Records follow. Print exactly the lines from the one that has "关羽怎么画 关羽简笔画图片大全彩色" through the one that has "Dywan Wicker okrągły 120 cm brązowo-czarny", inclusive, and omit the pictures.

→ Provided data:
○ ○ ○ ○ ○ ○ ○
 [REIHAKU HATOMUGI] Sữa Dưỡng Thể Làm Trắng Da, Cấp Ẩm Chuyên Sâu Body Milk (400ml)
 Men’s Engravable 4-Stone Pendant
○ ○ ○ ○ ○ ○ ○
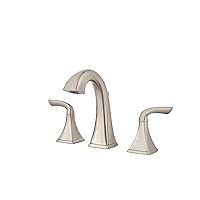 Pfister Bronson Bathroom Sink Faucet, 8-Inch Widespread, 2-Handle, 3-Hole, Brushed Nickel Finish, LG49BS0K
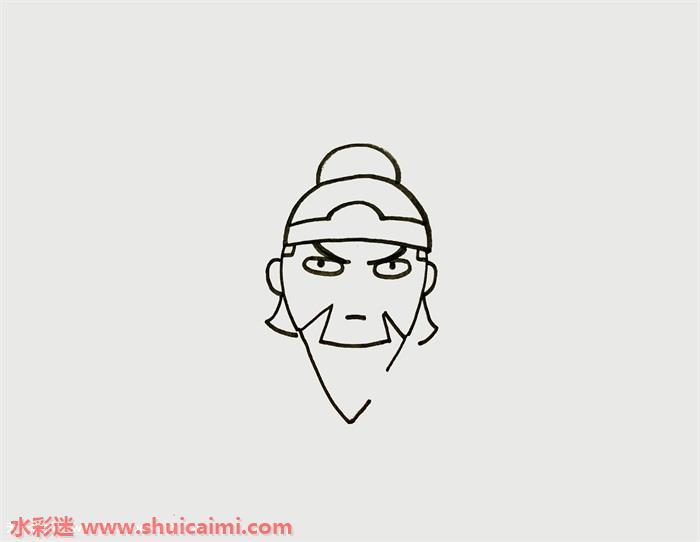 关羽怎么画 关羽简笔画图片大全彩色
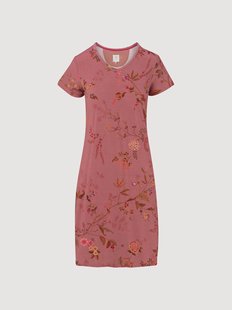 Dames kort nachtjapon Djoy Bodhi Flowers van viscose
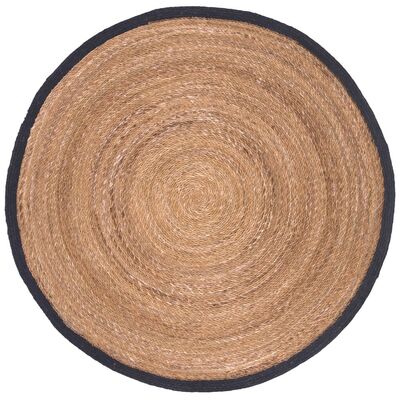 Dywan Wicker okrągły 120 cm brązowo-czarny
○ ○ ○ ○ ○ ○ ○
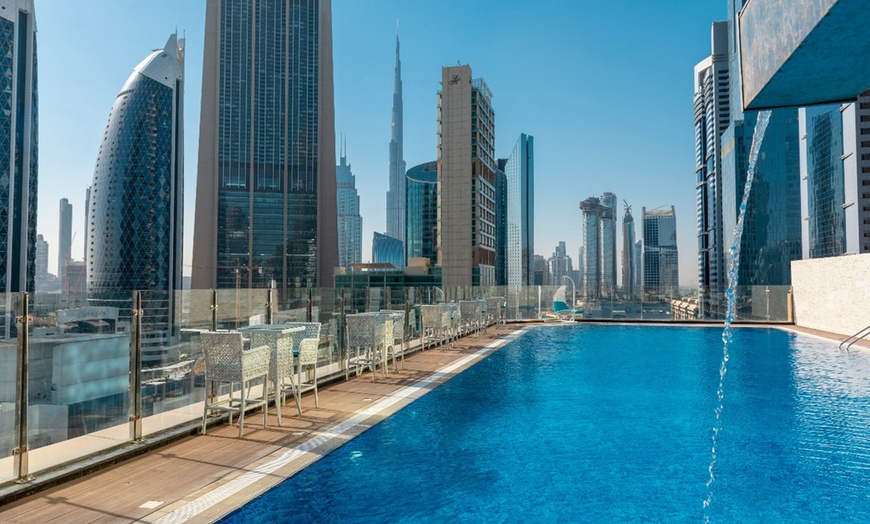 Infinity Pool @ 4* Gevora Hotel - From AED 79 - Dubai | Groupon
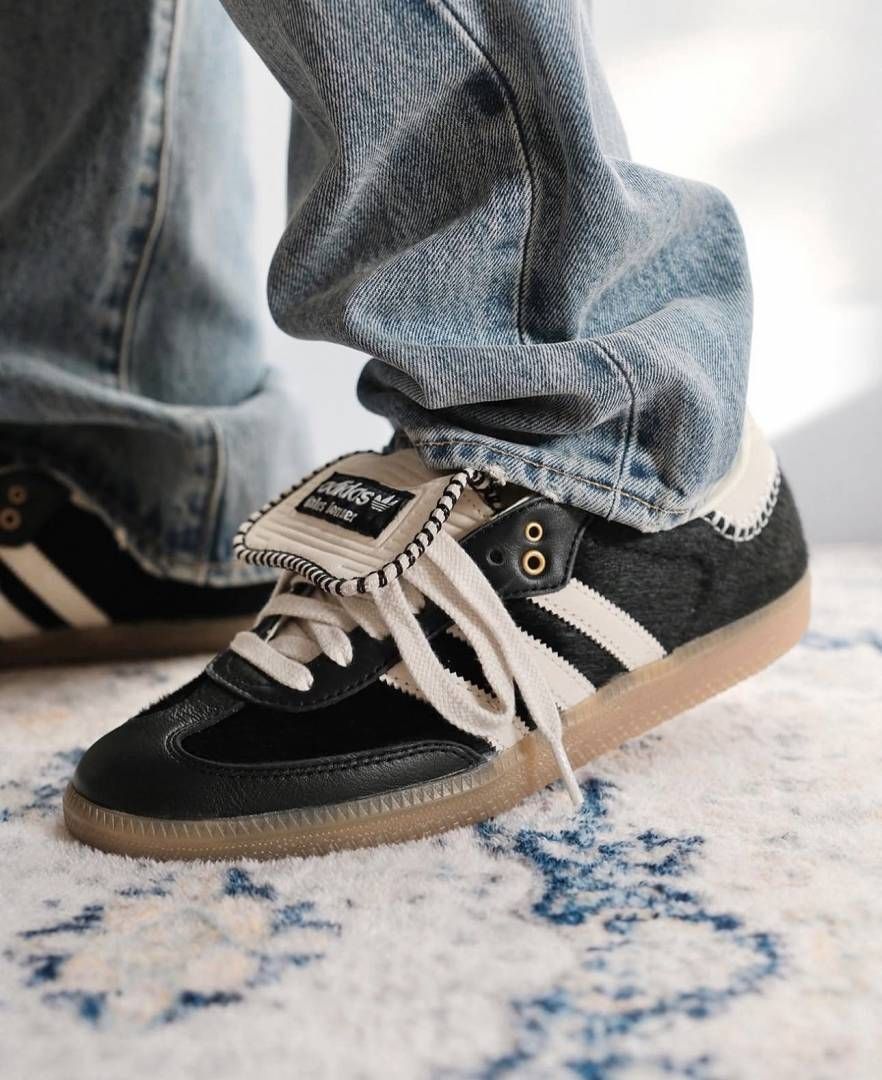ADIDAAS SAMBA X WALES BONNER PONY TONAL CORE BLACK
○ ○ ○ ○ ○ ○ ○
→ Task solution:
 关羽怎么画 关羽简笔画图片大全彩色
 Dames kort nachtjapon Djoy Bodhi Flowers van viscose
 Dywan Wicker okrągły 120 cm brązowo-czarny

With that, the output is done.